Subject: Re: Adverse autoimmune response to flu vaccine causing a neurologic disease
From: lucille50-ga on 21 May 2003 18:53 PDT
I was appalled to hear of your husband's suffering (and your own). As
to vaccine reactions not being reported, I can certainly corroborate
that statement. My mother, already in poor health, had a strong
adverse reaction to a flu injection. I was beside her while the shot
was administered and saw her immediately descend into delirium and
fever which resulted in a disastrous stay in hospital. I told her
doctor and was fobbed off with "It's just a coincidence". The
following year exactly the same thing happened. Her memory and mental
abilities deteriorated sharply. My mother has probably been damaged
similarly to your husband, but because of her age it can be attributed
to dementia. Good luck with your research.

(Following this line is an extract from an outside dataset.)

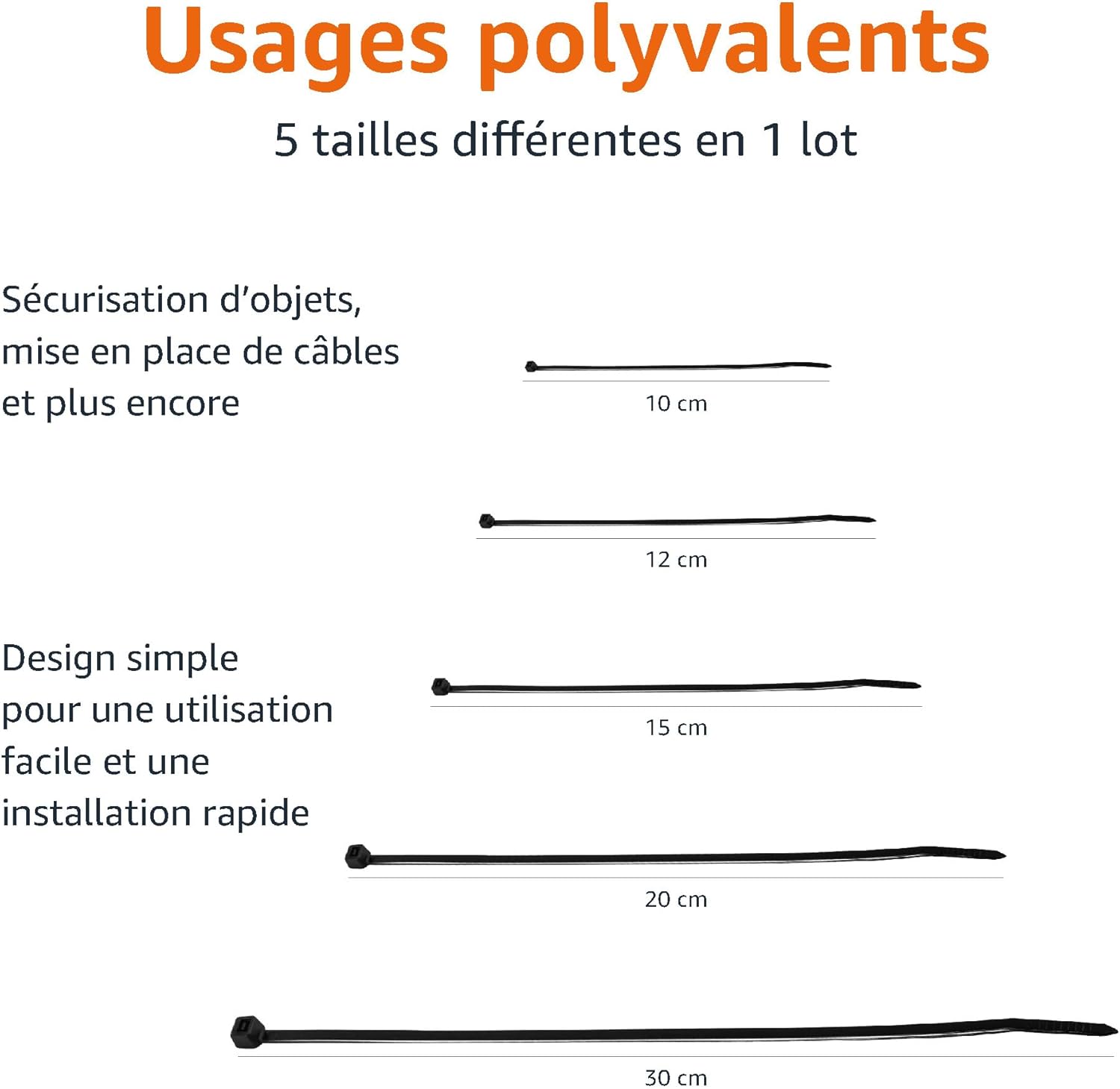 Thumbnail 2 de Amazon Basics Serre-câbles réglables 500 unités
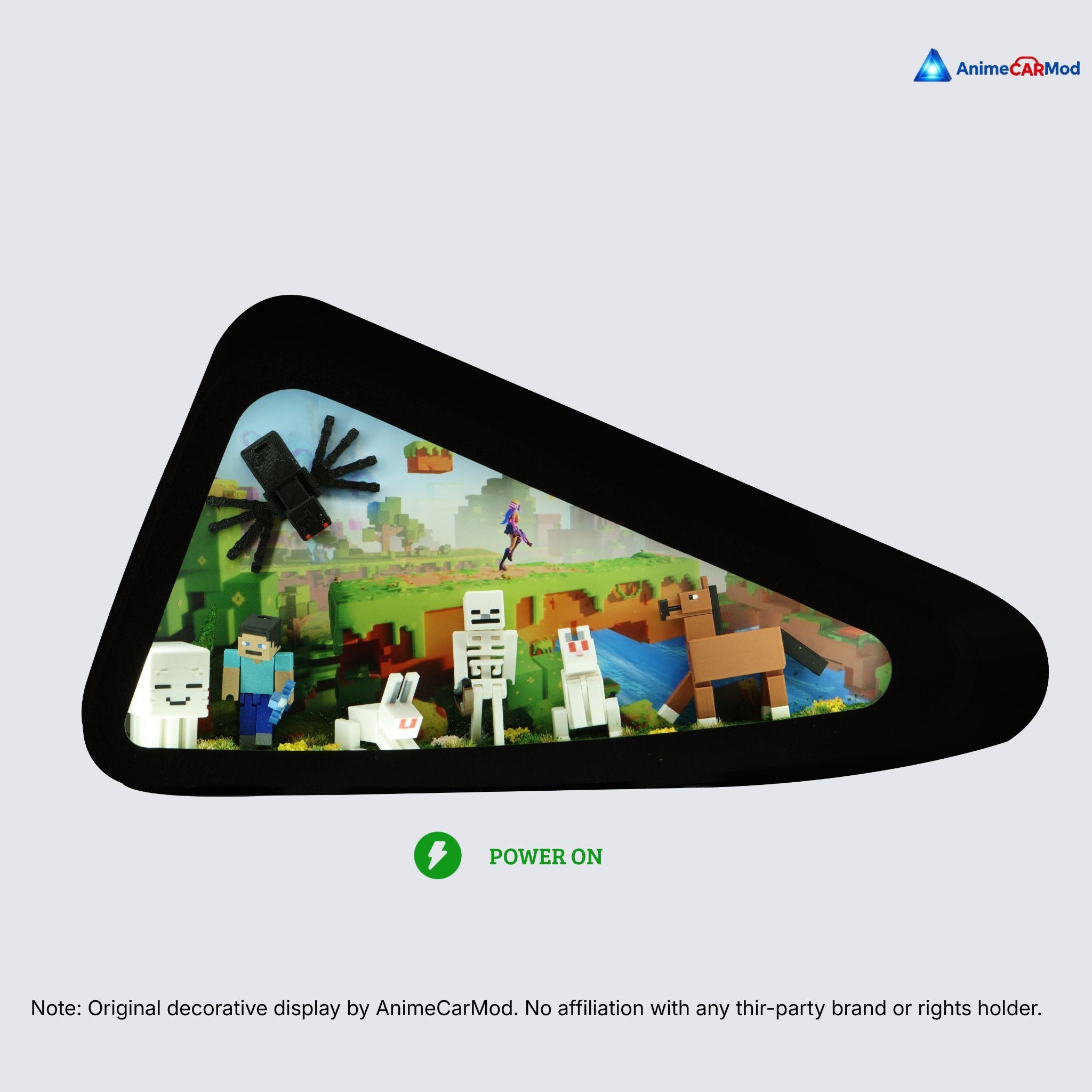 AnimeCarMod Pixel Block Adventure expanded scene quarter window diorama with lights on for car interior display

Subject: Re: Adverse autoimmune response to flu vaccine causing a neurologic disease
From: mystique-ga on 27 May 2003 16:38 PDT
Thank you for your concise review of this rare neurologic disease.  It
will not be easy to build a case for cause and effect from the flu
vaccine, but not impossible.  I now give you 5 stars and will be in
touch if necessary.
Subject: Re: Adverse autoimmune response to flu vaccine causing a neurologic disease
From: hlabadie-ga on 28 May 2003 05:14 PDT
I hope that your husband experiences the full recovery that generally
follows such traumatic reactions, and that you can achieve a
satisfactory resolution.

Best of luck to you both.

Subject: Re: Adverse autoimmune response to flu vaccine causing a neurologic disease
From: pugwashjw-ga on 05 Jun 2003 07:14 PDT
My sympathy to you for your troubles. I myself have heart and white
bloodcell problems that I have been researching to find the base
cause. What I have found is a very suspicious culprit called C.M.V.
CYTOMEGALOVIRUS. Doctors are very well aware of it worldwide as
everybody generally has it. When you are healthy it causes no
problems, but the minute you get run down, for whatever reason, it
jumps up and BITES you. If you search the web for C.M.V. you will find
the GALE ENCYCLOPAEDIA OF MEDICINE That has some eye opening articles
about it. I do hope your hubby recovers.